Cocoa-dev mailing list (Cocoa-dev@lists.apple.com)

Please do not post admin requests or moderator comments to the list.
Contact the moderators at cocoa-dev-admins(at)lists.apple.com

Help/Unsubscribe/Update your Subscription:
http://lists.apple.com/mailman/options/cocoa-dev/archive%40mail-archive.com

This email sent to arch...@mail-archive.com


NewStyle Preferences

2010-06-20 Thread Jeremy Matthews
In my project I have some preferences in a tabview style, but I'd like to move 
towards a more mac-like interface for this (Safari, Mail)...probably using 
NSToolbar.

I've seen examples (usually pretty dated) that reference a few different styles:

1) Tabless NSTabView using a Toolbar with actions (selectTabViewItem:Blah)
2) Some third-party frameworks and code (BWToolkit - buggy, SS_PrefsController, 
DBPrefsWindowController, etc)
3) Private APIs from Apple (NSPrefernces)
4) Toolbar-only approach

I'd read through the archives...but see mostly older posts, so I'd like to see 
what people are doing these days...

I was wondering about the experiences out there...and any best practices 
recommendations.
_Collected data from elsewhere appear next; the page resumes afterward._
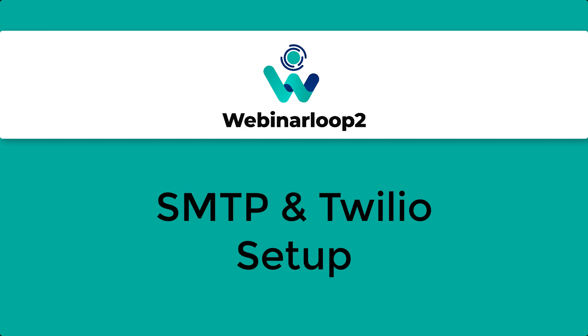Hello, and welcome back to Technic Force Tutorials. In this video, I'll show you how to set up SMTP and Twilio on Webinar Loop 2. Let's begin.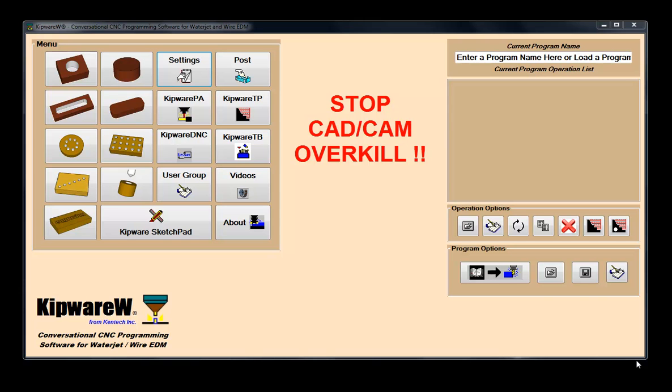Kipware Conversational was intelligently designed to assist users in creating those everyday programs quickly, easily, and accurately.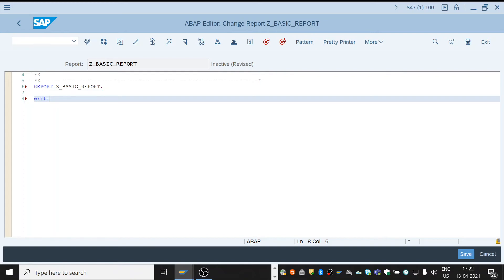Write is a keyword. We can display any sentence in the output form. To display anything we need to use write keyword.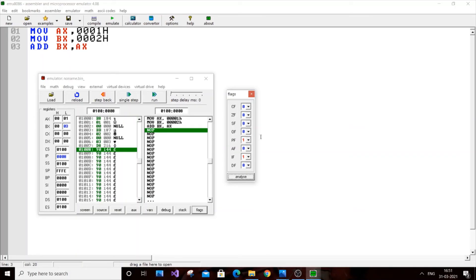Control flags are machine-generated and cannot be set by user commands — they're generated automatically. Conditional flags can result from user operations, like addition producing a carry. The control flags are: TF (trap flag), DF (direction flag), and IF (interrupt flag). All flags are binary — 0 means off, 1 means on.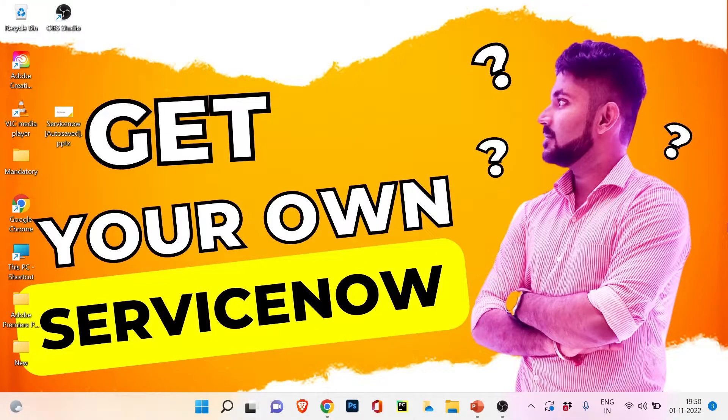Hey everyone, my name is Pritam and you're watching Tech with Pritam. Welcome to my channel. This is the 18th video of our newly created technical series called ServiceNow.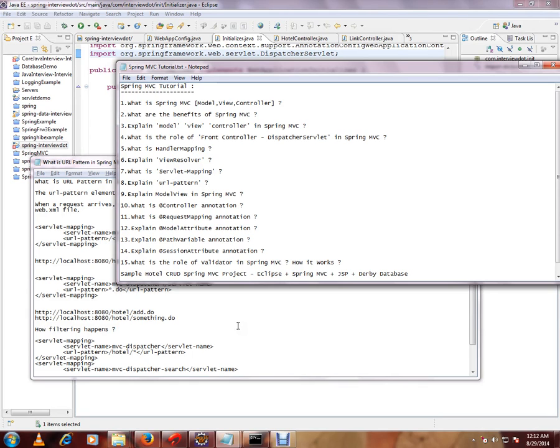In this video, I am going to talk about the request with the URL pattern in the web.xml file.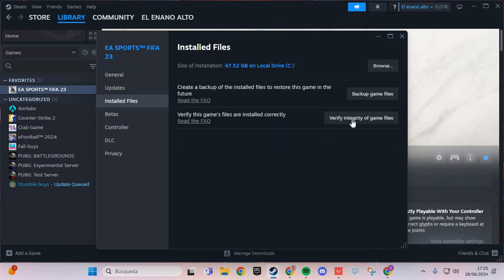In installed files you verify files. You click and this is the second step.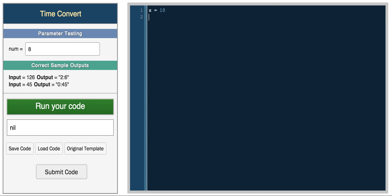You can just do x equals 10, and you can do y equals hello world. These are two variables where one stores a number and another stores a string. Then we can have something like t equals true and f equals false.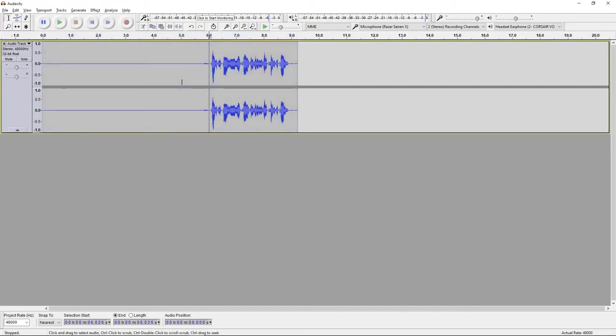So that is how I edit my Audacity audio for the Razer Siren X. Let me know if you guys have any questions down below in the comment section and I'll see you guys later. Peace.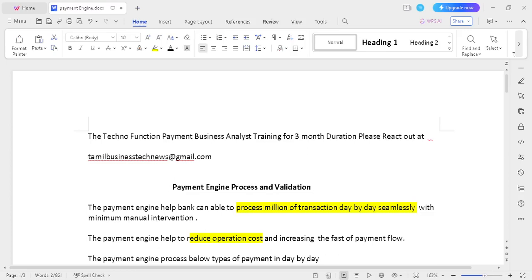Hi friends, good morning. I have provided the techno function payment business analysis training for students and working professionals. It's a three-month duration course. In case you would like to join the course, please approach me at tamilbusinesstech at gmail.com. In this video, let's talk about payment engine process and validation.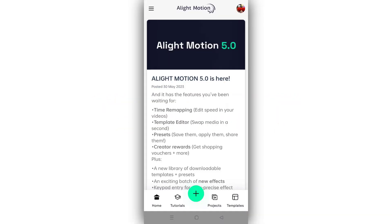In this video, we will edit the video shown in the description. Click and install the app, then open it. You will see the logo and the image.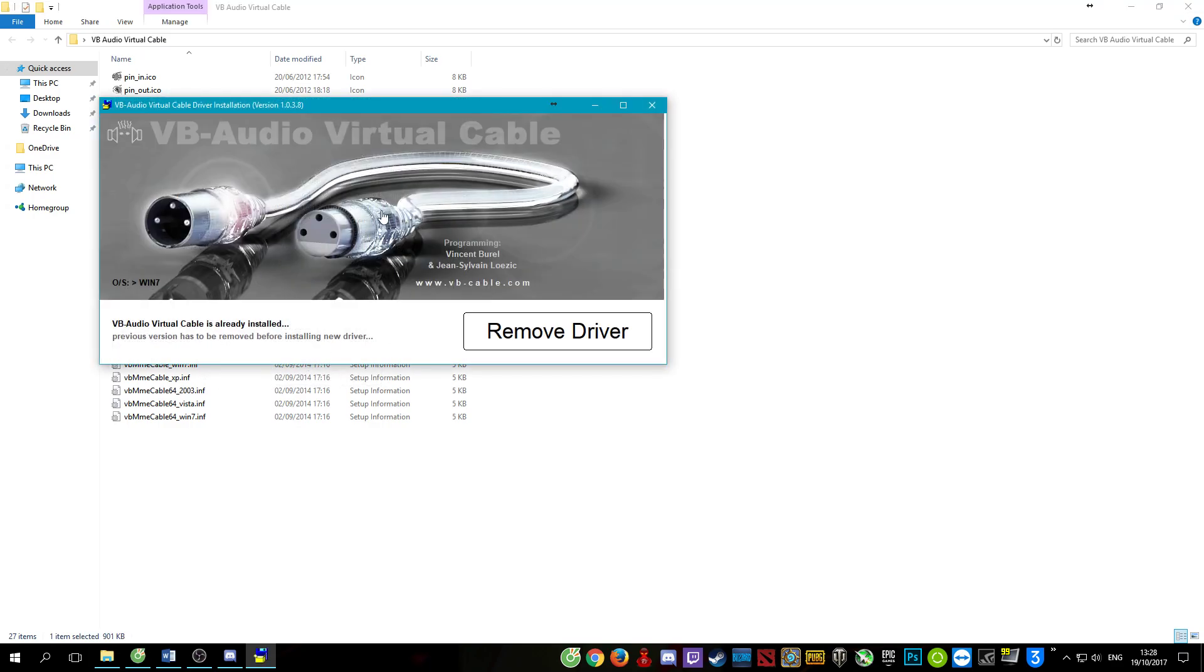As you can see I already installed it so there's no install button. After installing VB audio virtual cable, restart your computer.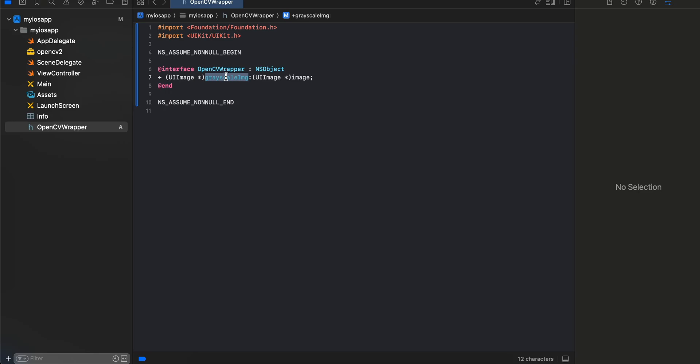Next thing I will do is copy paste some code. This is part of iOS. We are creating a method called grayscale image which we need to use inside our Objective-C++ code. It takes a UIImage and gives a UIImage back. We are just defining a method here, not writing the implementation.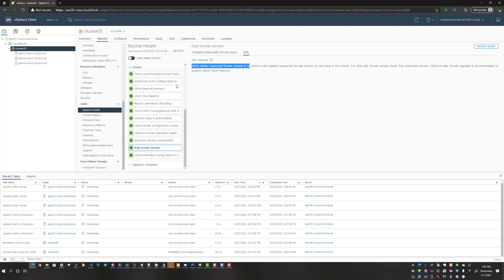Hope you've enjoyed this quick short video tutorial on how to upgrade vSAN to vSAN 7.0 update 2. Hit the like button, subscribe to the channel, and be sure to check back for future videos posted soon. Take care everybody.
I see a lot of projects using the last method, and using code 
more than IB to put it together - love to know what people are using out there!

Thanks,
jeremy
___

Cocoa-dev mailing list (Cocoa-dev@lists.apple.com)
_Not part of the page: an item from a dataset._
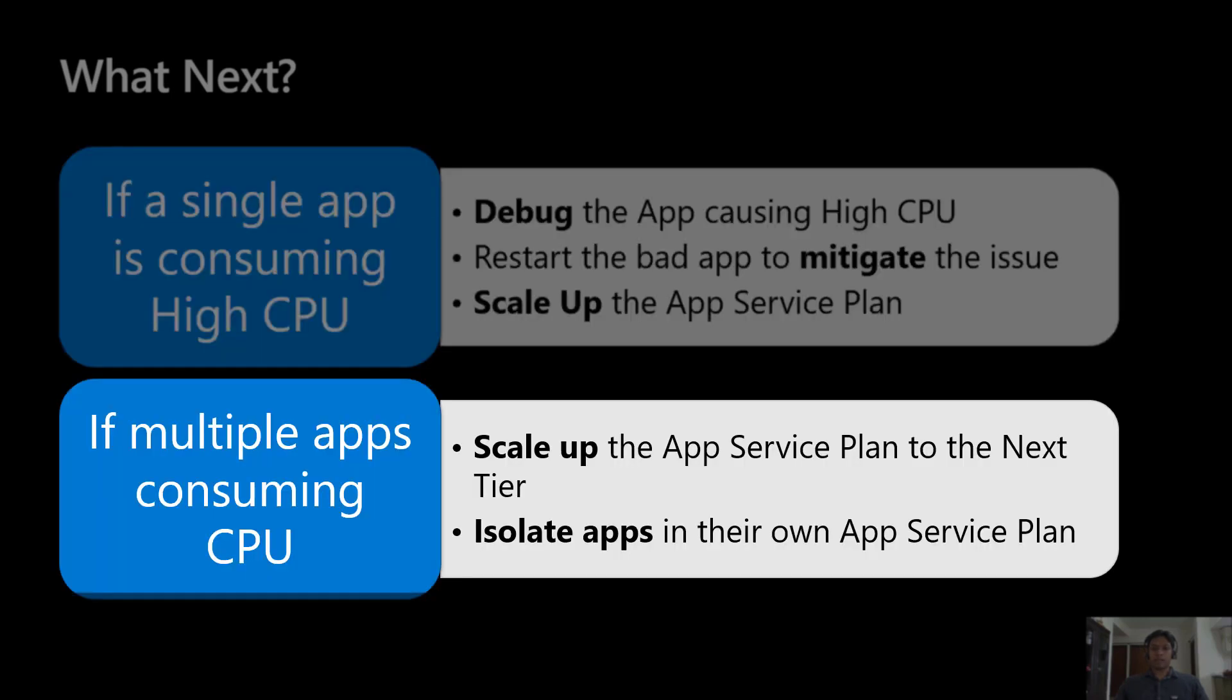If multiple apps are consuming high CPU, then it's better to scale up the app service plan to the next tier so that apps get more compute resources. It might be related to the load of requests you are getting. You can also move some apps to a dedicated app service plan to ensure that they don't end up impacting other important apps.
Please do not post admin requests or moderator comments to the list.
Contact the moderators at cocoa-dev-admins(at)lists.apple.com

Help/Unsubscribe/Update your Subscription:
http://lists.apple.com/mailman/options/cocoa-dev/archive%40mail-archive.com

This email sent to arch...@mail-archive.com


Re: NewStyle Preferences

2010-06-20 Thread jonat...@mugginsoft.com
On 20 Jun 2010, at 22:53, Jeremy Matthews wrote:

> 
> 1) Tabless NSTabView using a Toolbar with actions (selectTabViewItem:Blah)
> 2) Some third-party frameworks and code (BWToolkit - buggy, 
> SS_PrefsController, DBPrefsWindowController, etc)
> 3) Private APIs from Apple (NSPrefernces)
> 4) Toolbar-only approach
> 
> I'd read through the archives...but see mostly older posts, so I'd like to 
> see what people are doing these days...
> 
DBPrefsWindowController

I haven't tried any of the other approaches but DBPrefsWindowController seems 
to handle the matter effectively.

Regards

Jonathan Mitchell

Developer
Mugginsoft LLP
http://www.mugginsoft.com


___

Cocoa-dev mailing list (Cocoa-dev@lists.apple.com)

Please do not post admin requests or moderator comments to the list.
Contact the moderators at cocoa-dev-admins(at)lists.apple.com

Help/Unsubscribe/Update your Subscription:
http://lists.apple.com/mailman/options/cocoa-dev/archive%40mail-archive.com

This email sent to arch...@mail-archive.com


Re: [Cocoa-students] NewStyle Preferences

2010-06-20 Thread Marc Respass
Jeremy,

I would go with a toolbar that swaps views.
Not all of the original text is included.